## What to do
Transcribe the data. Leave out nothing.

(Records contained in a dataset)
---------------
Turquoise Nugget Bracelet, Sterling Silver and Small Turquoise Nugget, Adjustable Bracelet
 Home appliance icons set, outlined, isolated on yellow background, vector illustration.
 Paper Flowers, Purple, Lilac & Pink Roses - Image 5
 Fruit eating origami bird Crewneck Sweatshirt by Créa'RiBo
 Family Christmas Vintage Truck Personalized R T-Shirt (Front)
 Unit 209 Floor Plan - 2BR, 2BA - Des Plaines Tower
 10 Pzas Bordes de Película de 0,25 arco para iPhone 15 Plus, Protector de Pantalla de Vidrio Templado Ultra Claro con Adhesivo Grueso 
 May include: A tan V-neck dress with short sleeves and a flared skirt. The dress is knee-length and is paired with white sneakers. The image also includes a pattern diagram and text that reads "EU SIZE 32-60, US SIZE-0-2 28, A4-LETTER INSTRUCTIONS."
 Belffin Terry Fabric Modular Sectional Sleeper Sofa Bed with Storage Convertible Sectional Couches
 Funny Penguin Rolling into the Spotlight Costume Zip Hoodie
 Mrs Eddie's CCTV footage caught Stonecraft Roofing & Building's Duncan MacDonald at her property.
---------------
## Task response
Turquoise Nugget Bracelet, Sterling Silver and Small Turquoise Nugget, Adjustable Bracelet
 Home appliance icons set, outlined, isolated on yellow background, vector illustration.
 Paper Flowers, Purple, Lilac & Pink Roses - Image 5
 Fruit eating origami bird Crewneck Sweatshirt by Créa'RiBo
 Family Christmas Vintage Truck Personalized R T-Shirt (Front)
 Unit 209 Floor Plan - 2BR, 2BA - Des Plaines Tower
 10 Pzas Bordes de Película de 0,25 arco para iPhone 15 Plus, Protector de Pantalla de Vidrio Templado Ultra Claro con Adhesivo Grueso 
 May include: A tan V-neck dress with short sleeves and a flared skirt. The dress is knee-length and is paired with white sneakers. The image also includes a pattern diagram and text that reads "EU SIZE 32-60, US SIZE-0-2 28, A4-LETTER INSTRUCTIONS."
 Belffin Terry Fabric Modular Sectional Sleeper Sofa Bed with Storage Convertible Sectional Couches
 Funny Penguin Rolling into the Spotlight Costume Zip Hoodie
 Mrs Eddie's CCTV footage caught Stonecraft Roofing & Building's Duncan MacDonald at her property.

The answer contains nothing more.